# Activity
Go through the listing below and retype exactly the lines starting at the one with "Фолликулярная киста нижней челюсти" and ending at the one with "Image of a smiling", skipping pictures.

# Data to process

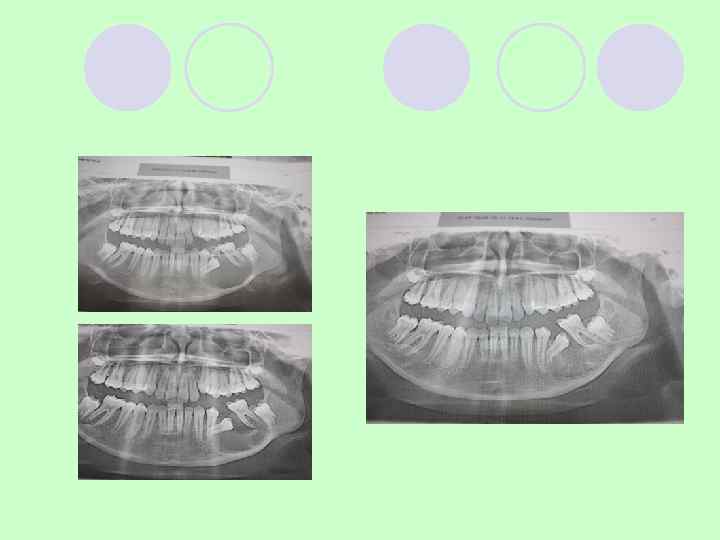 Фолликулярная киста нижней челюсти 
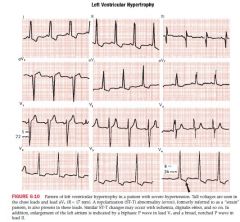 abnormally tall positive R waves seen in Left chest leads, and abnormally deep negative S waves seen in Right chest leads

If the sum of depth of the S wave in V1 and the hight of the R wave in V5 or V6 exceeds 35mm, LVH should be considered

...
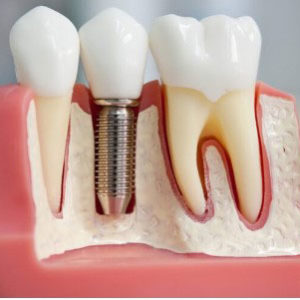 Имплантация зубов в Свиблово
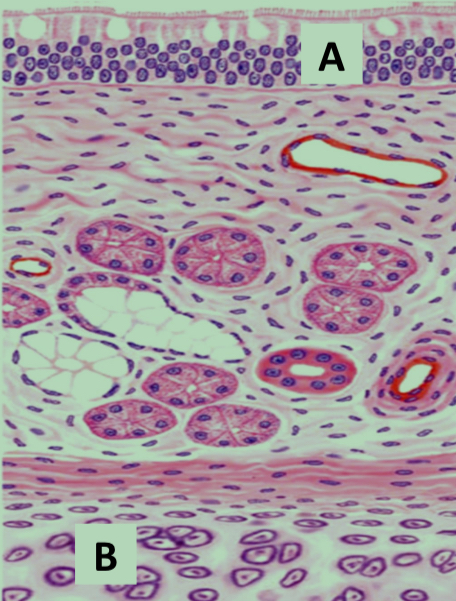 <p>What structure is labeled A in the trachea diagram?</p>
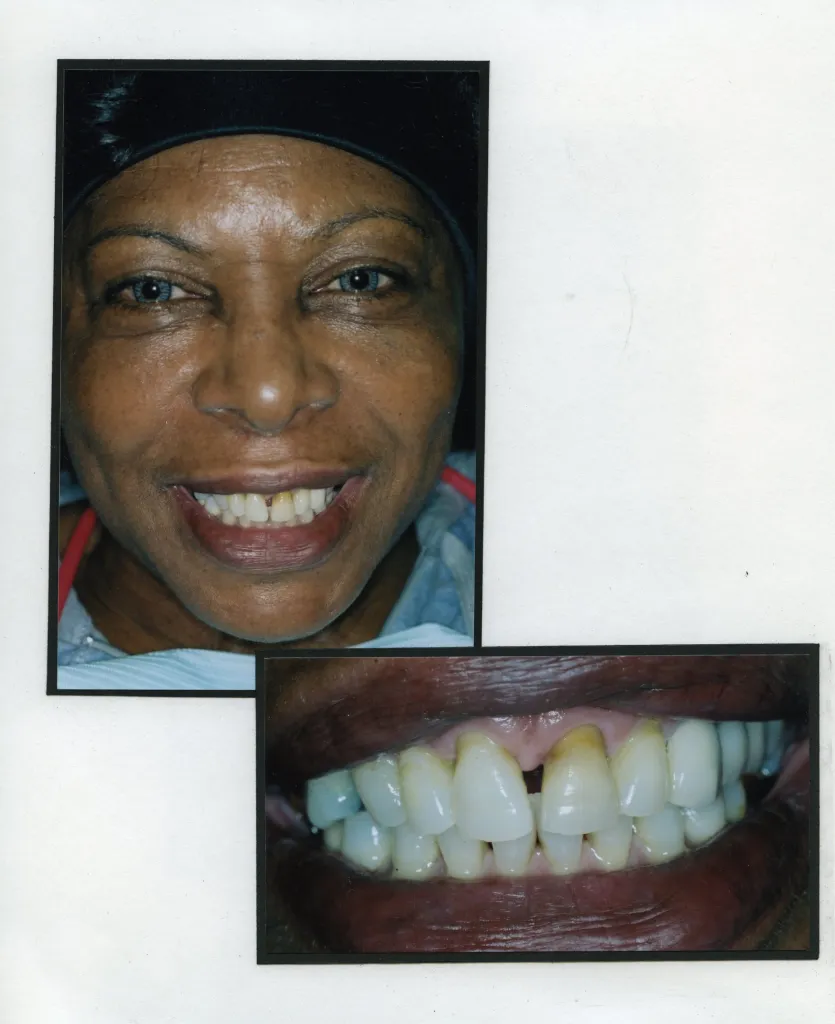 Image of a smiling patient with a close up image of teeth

==

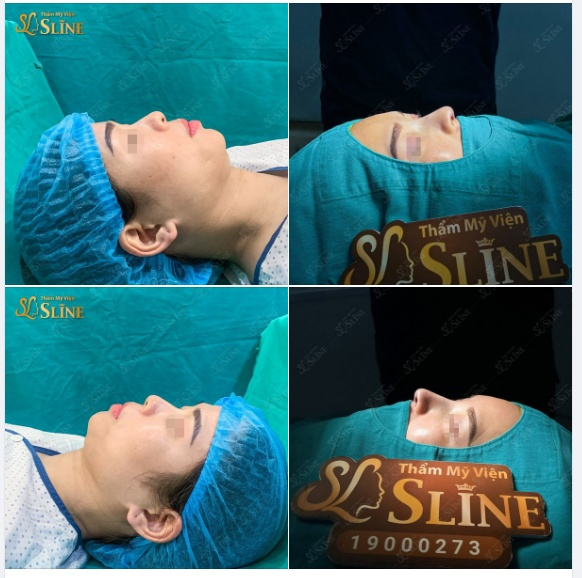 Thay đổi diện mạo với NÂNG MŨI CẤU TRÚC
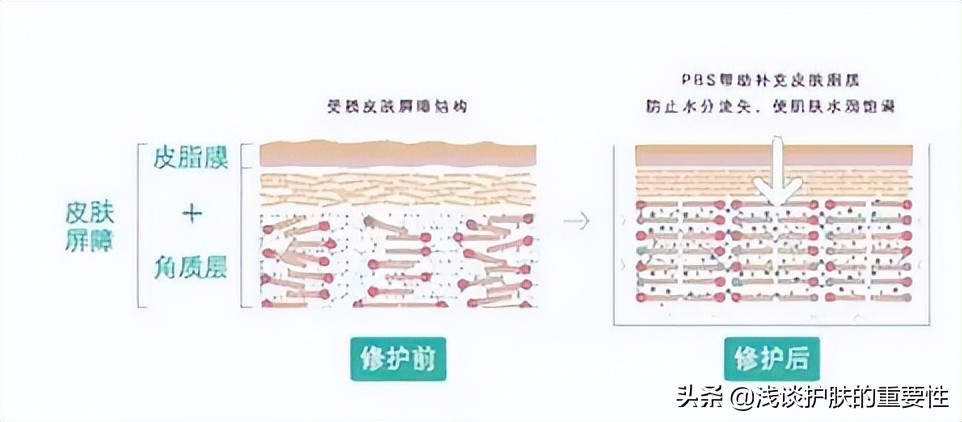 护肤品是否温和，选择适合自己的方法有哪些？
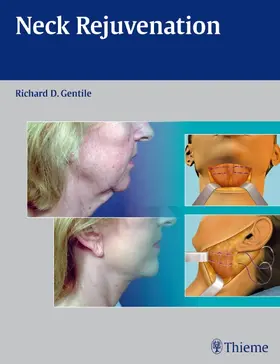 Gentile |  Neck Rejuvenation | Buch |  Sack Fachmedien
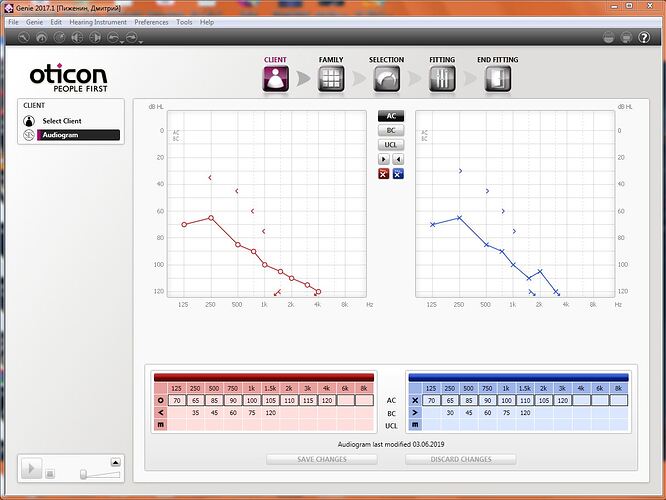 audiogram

...

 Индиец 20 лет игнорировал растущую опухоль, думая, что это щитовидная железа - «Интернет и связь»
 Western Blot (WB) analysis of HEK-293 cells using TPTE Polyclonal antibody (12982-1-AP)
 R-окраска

# Answer
 Фолликулярная киста нижней челюсти 
 abnormally tall positive R waves seen in Left chest leads, and abnormally deep negative S waves seen in Right chest leads

If the sum of depth of the S wave in V1 and the hight of the R wave in V5 or V6 exceeds 35mm, LVH should be considered

...
 Имплантация зубов в Свиблово
 <p>What structure is labeled A in the trachea diagram?</p>
 Image of a smiling patient with a close up image of teeth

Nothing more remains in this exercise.